The Bangkok Two-Step
Never trust a fart in southeast Asia. Wish I’d have heard that little gem sooner.
They say you’re never more humble than when, as an adult, you shit your pants. Well ladies and gentlemen, I stand before you today as humble as the Buddha himself.
Now if you’re reading this you’re probably saying, ‘is this really how he’s going to open his blog?’ Yes. If the true point of any type of travelogue like this is to lay bare the entire experience, the up’s and downs, the strikes and gutters (as the dude would say), then yes, mine will open with me shitting my pants at the rooftop pool of my Bangkok hotel.
Also, being laid low has afforded me the only time thus far in this trip to stay in one place long enough to put virtual pen to e-paper.
My convalescent home for the time being, the Rambuttri Villa hotel just off of Khao San Road. As any experienced backpacker of Asia will tell you, Khao San Road is a wretched hive of scum, villainy, and cheap pad thai. Initially inhabited by the proto-hippies who flocked to Thailand in the 60’s dodging the draft and looking for a place to ‘mellow out’, it is now a sea of white-guy dreadlocks and pulsing techno. But none of this interests me at the moment. I’ve barely made it out of my room and away from my beloved western toilet.
I’ve named this porcelain beauty Michael Bay. Because even though it’s full of shit, it just keeps on working. Why name the toilet? Well I’ve spent more time with Michael over the last week than some girls I’ve dated. At this point, we’re very close. I’m thinking about asking him to be my kids godfather.
About now some of my closer friends are saying ‘see, I told him.

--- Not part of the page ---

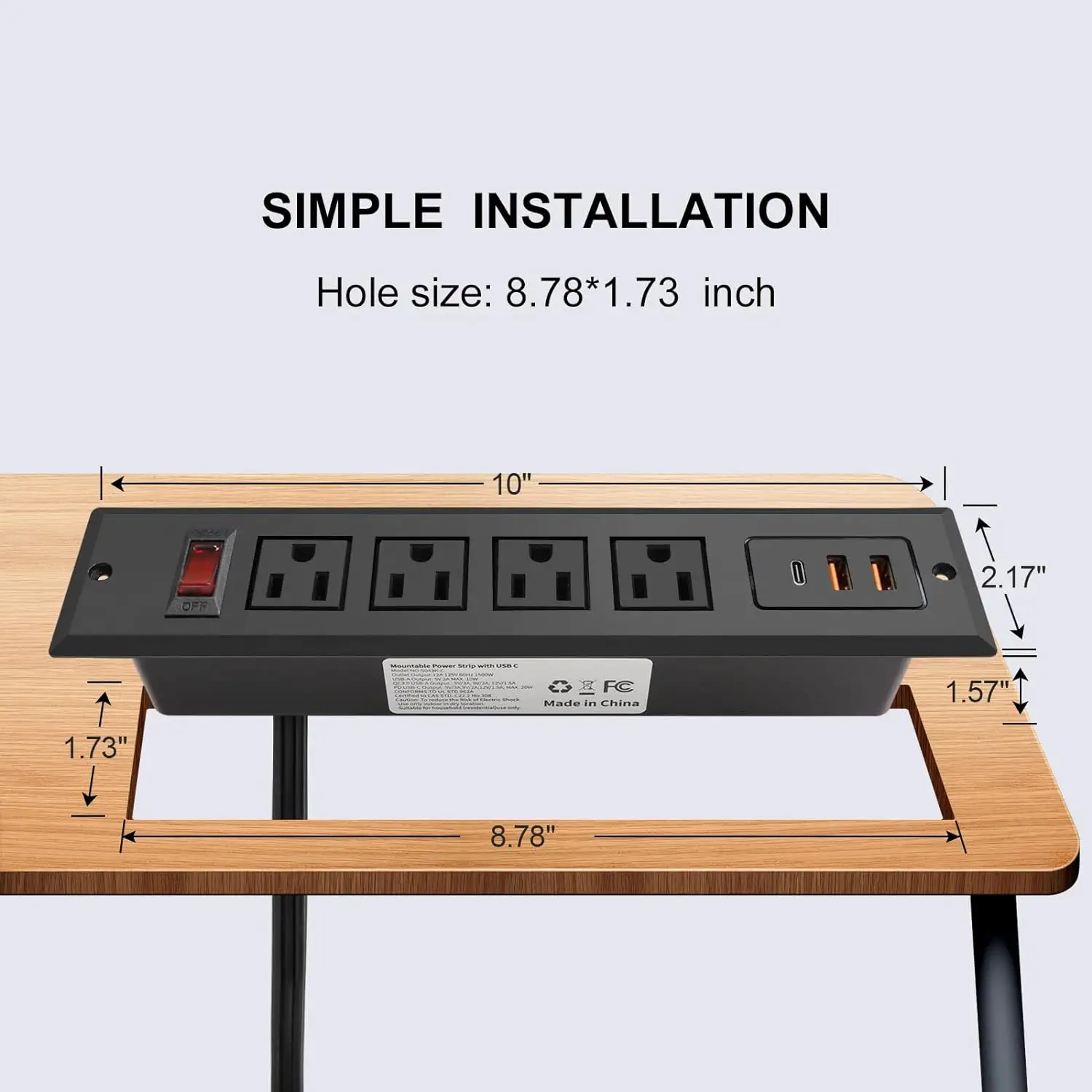 Recessed Power Strip with Type C 20W PD Fast Charge 4 Outlets 2 USB and 1 USB C Built in Furniture Extension Power Plug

He eats that weird food, this is what happens’. They may be right. I have no clue where in the last 30 days, 3 countries, and god knows how many towns and villages, I may have picked up this bug. But let me say this: I REGRET NOTHING.
I don’t regret the sparrows in Hanoi. I don’t regret the entrail Pho in rural Vietnam. I don’t regret the testicle and heart BBQ in Cambodia. I don’t even regret the Balut (OK I kind of regret the Balut). And I sure as hell don’t regret the countless other questionable meats, soups, stews, porridges, salads, and sticks that I’ve consumed thankfully over the last month. They have all been pieces of the puzzle. Understanding a country through it’s food.
As a rule my traveling companion Evan and I have shunned, for the most part, western eateries. Preferring the back alley joints where unknown delicacies are spooned from giant steaming cauldrons and eaten on what appears to be a child’s tea set furnishings.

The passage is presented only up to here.